Saturday, February 21, 2004

6:32 am.

Pretty soon I'll be leaving for campus. I wonder if it will snow on the way up to Mountain High this morning. I wonder if the sun's coming out today. I wonder if I can get my reading done while we're there. I wonder if I forgot how to snowboard. I wonder if we'll need to use those damn expensive chains I bought last night.

It's about time to cross that bridge. Yikes!

Friday, February 20, 2004

Things don't seem settled lately. Maybe it's because I never know the whole story. The reality I see is so fragmented sometimes that I can't help but feel that I'm missing something.

Besides the little moments, I don't think I've been happy in a while.

Last night, I pulled out my first gray hair. Things are changing.

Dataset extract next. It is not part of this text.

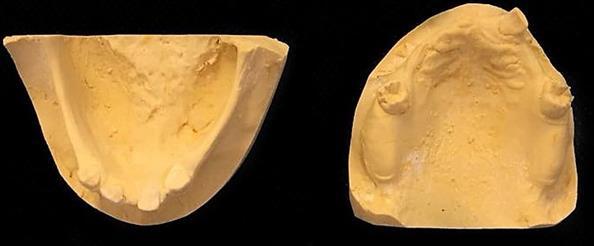 Inicialmente foi realizada uma moldagem de estudo superior e inferior com moldeira de estoque (TECNO- DENT) e alginato tipo II (Jeltrate Dustless Dentsply), e obtenção dos modelos de estudo em gesso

Wednesday, February 18, 2004

7:30am to 1:00am

And ya don't stop... until now.

I'm so tired, but it feels like I'm slowly getting back on track. I need to get some sleep.

Peace.

Tuesday, February 17, 2004

I lay restless last night
black sky
the world was silent
but I was restless
anxious

I'm
in
too
deep

things are coming to a head
yet I can't even move
I'm frozen
I know where I want to be
and it's almost as if my future
my purpose
is within reach

I'm being pulled apart
I know all my roads
are pointing in one direction
but I can't walk two roads at once

I wonder if I can keep this together

Monday, February 16, 2004

"We'll kill some eggs.
Don't let any go over the wall.
Stick with your own kind.
That's all."

Said GP in his sleep. 3:16am.

Where the hell did that come from?

Sunday, February 15, 2004

Another S.A.D.

So I lived it up a little. And stayed home all day. Except for my trip to Yoshinoya at 10pm.

Livin it up.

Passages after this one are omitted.